Output the entries exactly. Start at the first line, finish with the line containing "Santa & Snowman Wine Bottle Cover", and omit the pictures.
(Data for the task)
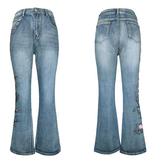 Women's High-Waist Vintage Stretchy Slim-Fit Flared Denim Pants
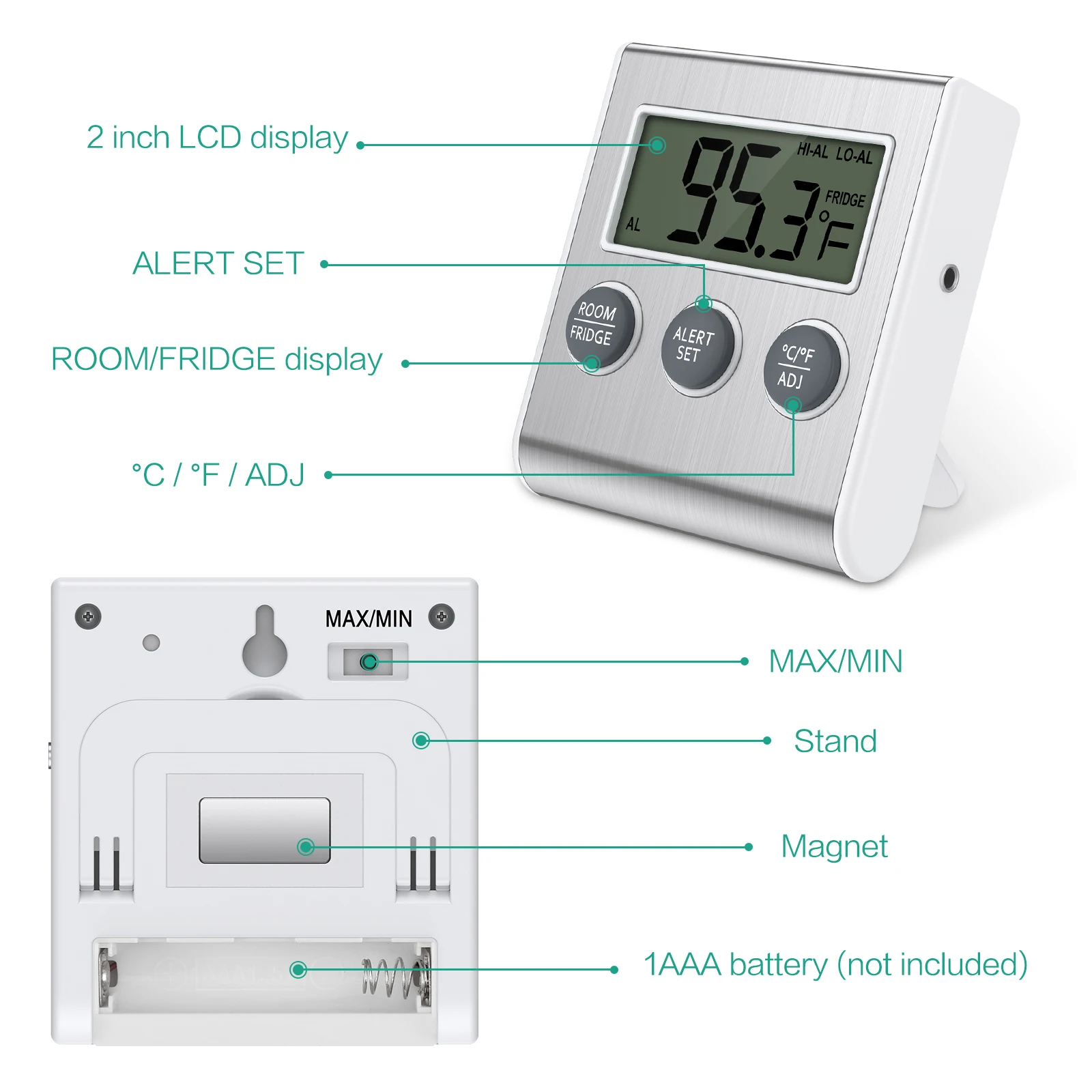 Termómetro ORIA digital para refrigerador con sonda externa - imagen 2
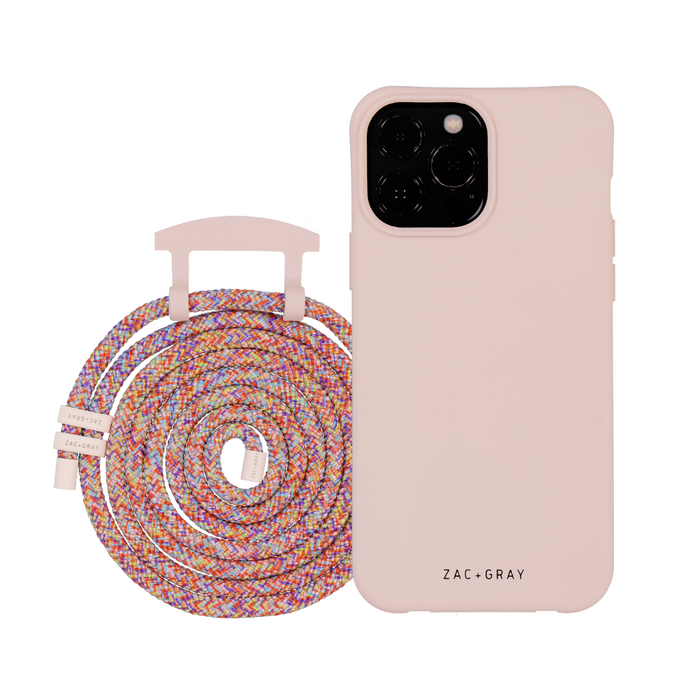 iPhone 14 ROSÉ PINK CASE + RAINBOW RED CORD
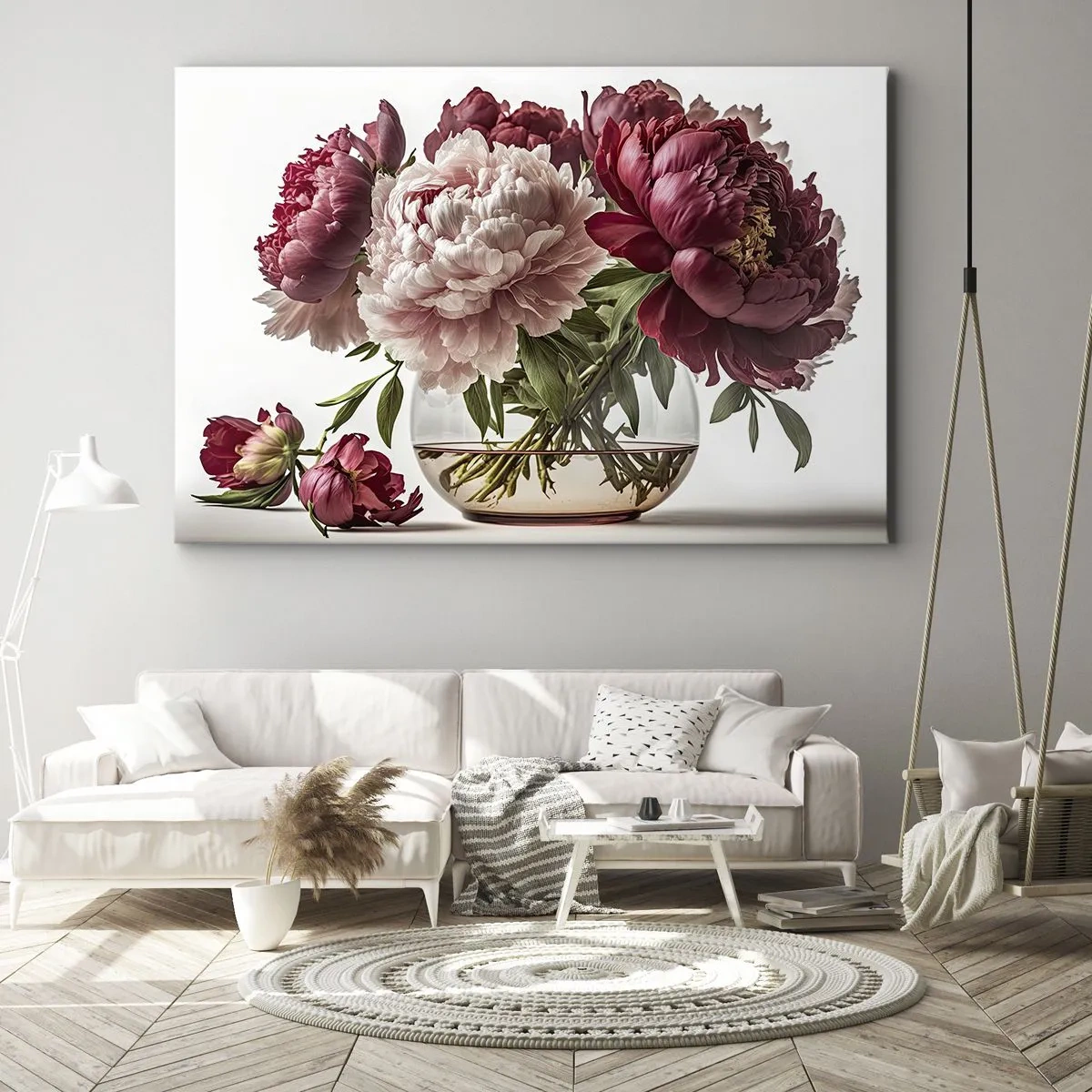 Vászonkép - Egy csokor pünkösdi rózsa rózsaszín és piros árnyalatokban - 70x50cm - A szépség teljes virágzásában - Modern fali dekoráció nappalihoz és hálószobához ARTTOR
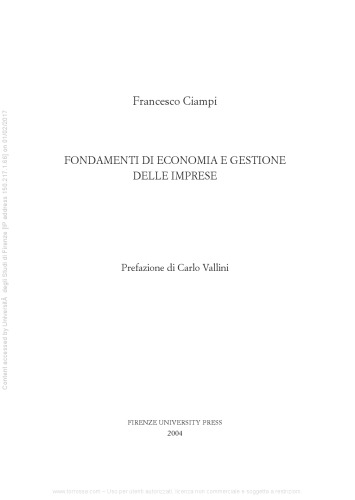 Fondamenti di economia e gestione delle imprese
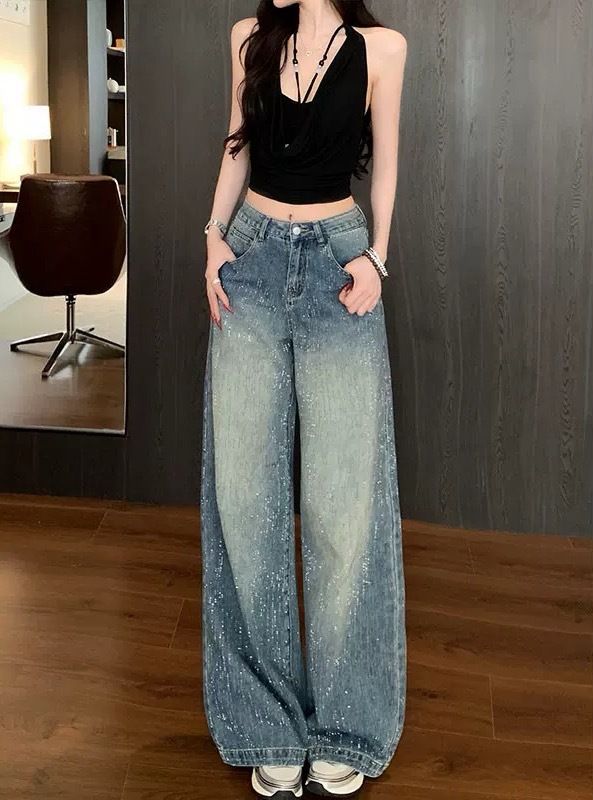 High-Waisted Floor-Length Jeans For Women Sparkling Rhinestones Luxurious Feel Perfect For Autumn_mkmklike.com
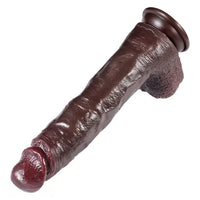 10.6in Realistic Liquid Silicone Movable Sliding Foreskin Soft Dildo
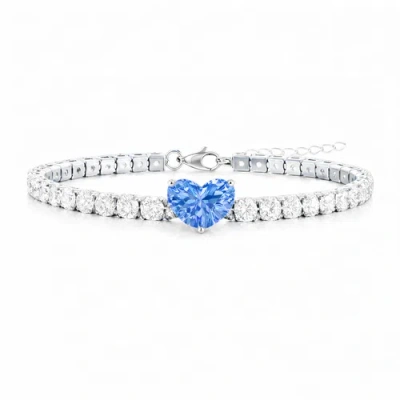 Donatello Gian Crystal Heart Tennis Bracelets In Silver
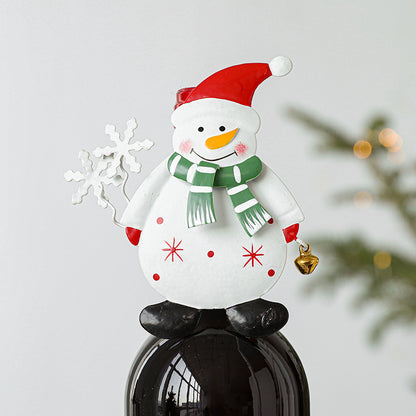 Santa & Snowman Wine Bottle Cover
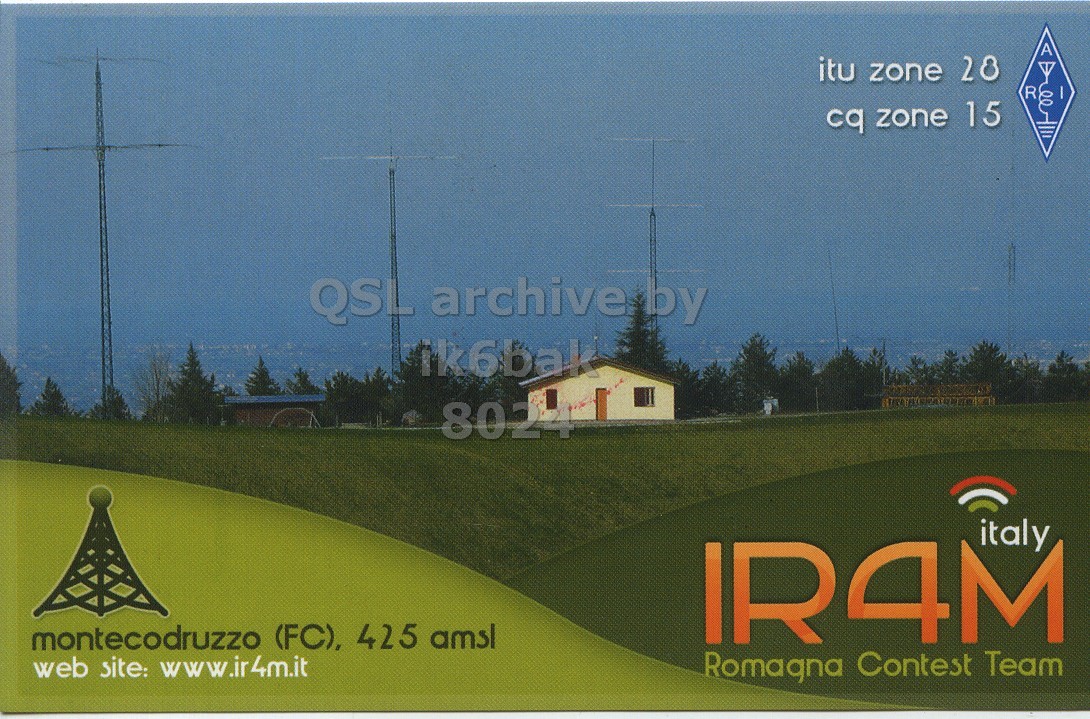 Front QSL card, of IR4M to IK6BAK, November 26, 2016, CW mode. The QSL image contains the following objects: Advertisement, Grass, Field, Nature, Outdoors. And contains this text: A itu zone 28 R cq zone 15 ik6bak 8024 italy IR4M montecodruzzo (FC), 425 amsl web site: www.ir4m.it Romagna Contest Team.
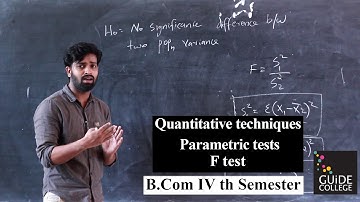 Parametric F Test - Quantitative Techniques | B.Com 4th Semester | Calicut University Malayalam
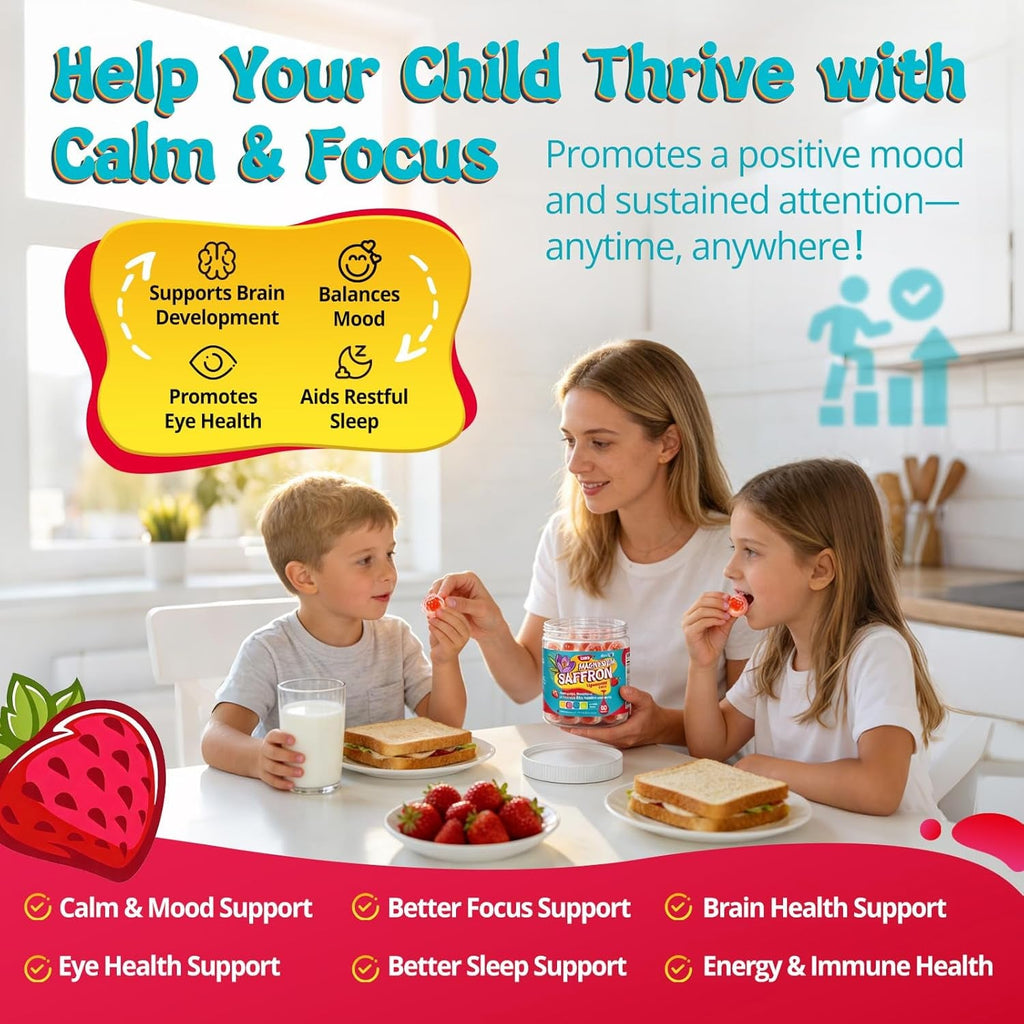 Duwhot Saffron for Kids Gummies Sugar Free, Saffron Magnesium Supplement W/Holy Basil, Rosemary, Omega-3 & Vitamins for Happy Kids, Brain, Energy & Vision Support, Vegan, Organic, 60 Chewables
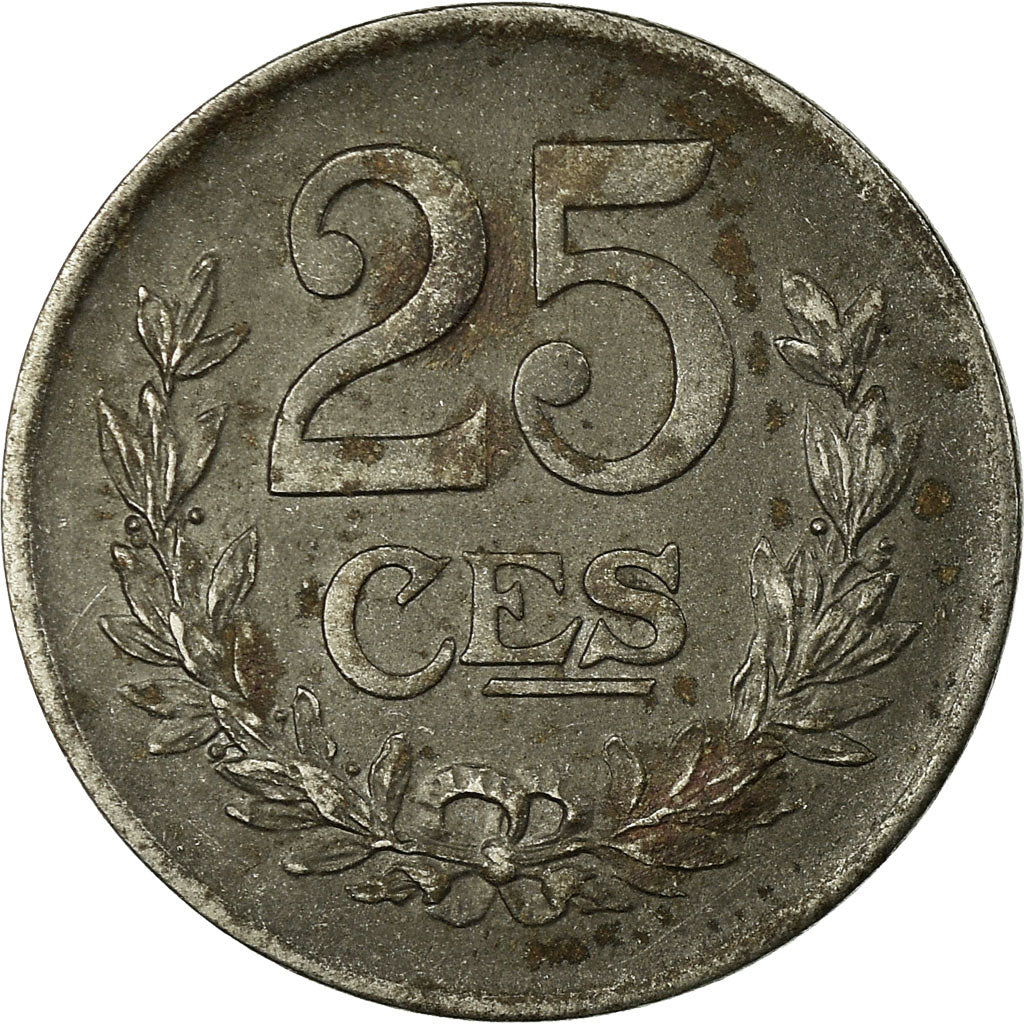 Coin, Luxembourg, Charlotte, 25 Centimes, 1920, VF(30-35), Iron, KM:32
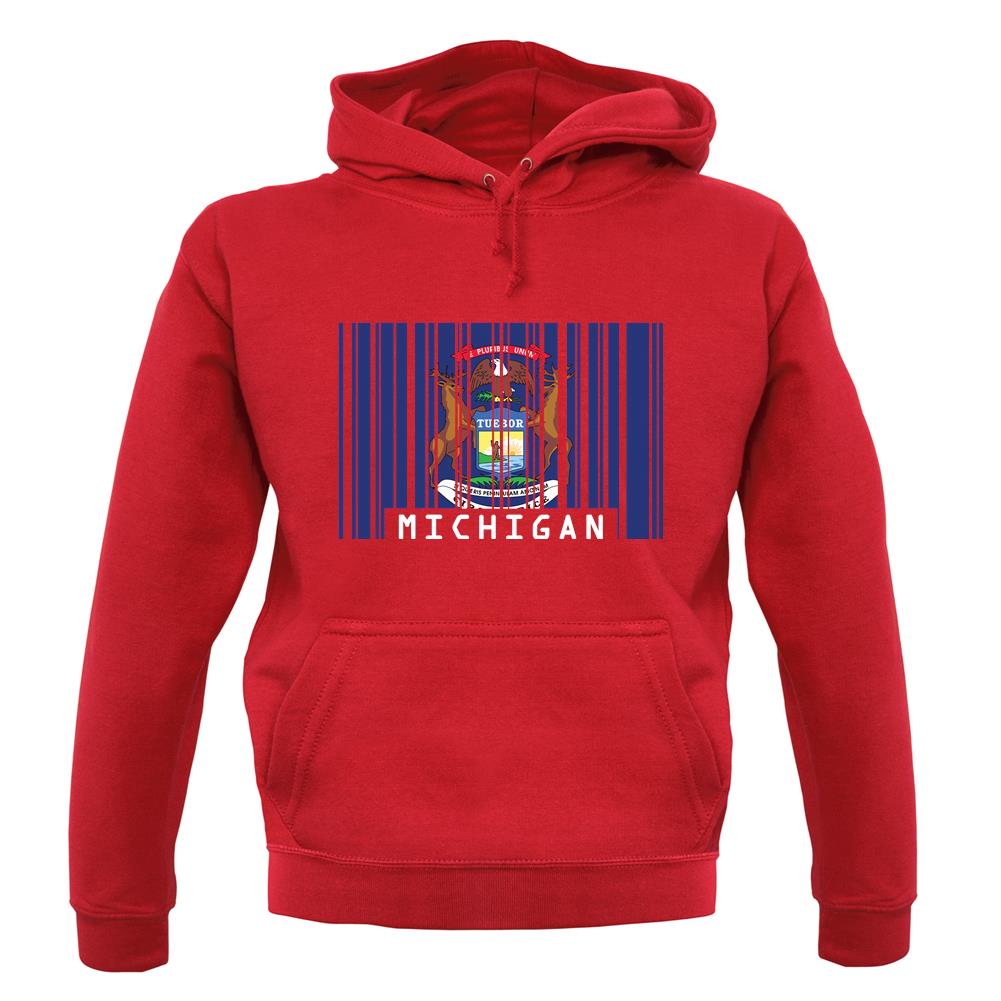 Michigan Barcode Style Flag unisex hoodie Michigan Barcode Style Flag unisex hoodie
(End Data for the task)
Answer for this exercise:
 Women's High-Waist Vintage Stretchy Slim-Fit Flared Denim Pants
 Termómetro ORIA digital para refrigerador con sonda externa - imagen 2
 iPhone 14 ROSÉ PINK CASE + RAINBOW RED CORD
 Vászonkép - Egy csokor pünkösdi rózsa rózsaszín és piros árnyalatokban - 70x50cm - A szépség teljes virágzásában - Modern fali dekoráció nappalihoz és hálószobához ARTTOR
 Fondamenti di economia e gestione delle imprese
 High-Waisted Floor-Length Jeans For Women Sparkling Rhinestones Luxurious Feel Perfect For Autumn_mkmklike.com
 10.6in Realistic Liquid Silicone Movable Sliding Foreskin Soft Dildo
 Donatello Gian Crystal Heart Tennis Bracelets In Silver
 Santa & Snowman Wine Bottle Cover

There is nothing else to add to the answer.